Simple Models, Complex Worlds

Abstract

Using a simplified model of a real-life phenomenon instead of conducting experiments with the object of study itself can have multiple advantages, such as higher interpretability, lower resource requirements, and others. In this study, we explore two separate use cases of simplified computer models aimed at addressing two problems in different fields. In the first part of this study, we focus on large language models (LLMs). Modern language models train on vast arrays of often only lightly filtered data scraped from the Internet, and, considering the increasing amounts of machine-generated texts on the Internet, the possibility of a new language model training on the outputs of previous generations is exceedingly high. To analyse how repeated training on datasets that include AI-generated content might affect LLMs, we repeatedly simulate the process using a relatively small GPT-2 based LLM on several datasets. Afterwards, we score the outputs across multiple attributes, including quality, overall text diversity, as well as emotion, toxicity, perceived identity of the author, etc., using both established metrics and fine-tuned classifier models.

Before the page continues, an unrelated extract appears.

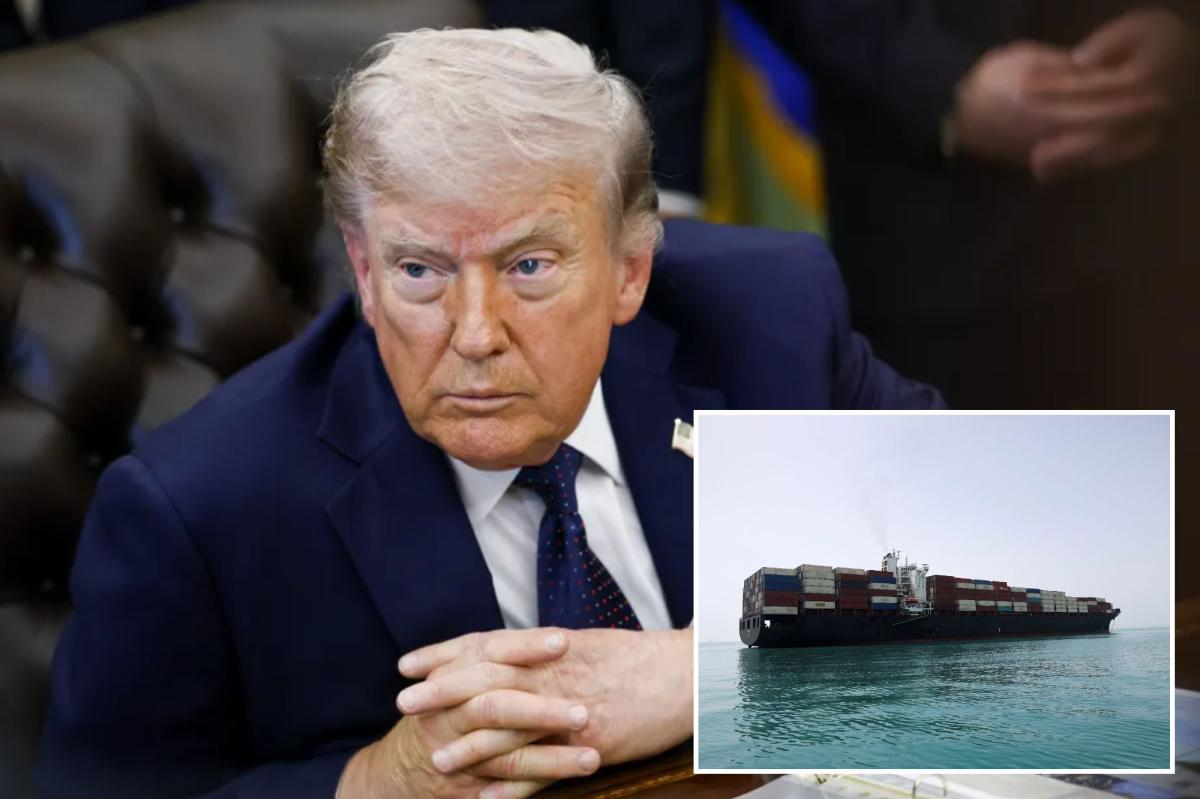 Trump says Iran agreement ‘largely negotiated’ after call with Middle East allies: ‘The Strait of Hormuz will be opened’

As a second main exploration, we propose a minimal social model aimed at studying the conversation surrounding instances of sexual violence and the process of achieving social consensus in such cases from the epistemic perspective. This model accounts for several social factors, such as disparities in institutional power between agents, a victim's possible reluctance to come forward, etc., and simulates communication and opinion propagation between the agents. This design allows us to compare epistemic strategies and evaluate which produce more fair (unbiased) results. Lastly, we contrast the two models and their limitations and discuss key differences between modelling in these two fields and issues unique to each field. We find that both models provide meaningful results in their respective domains and are limited by their minimal design; however, the impact of a smaller size or a lower complexity differs between fields.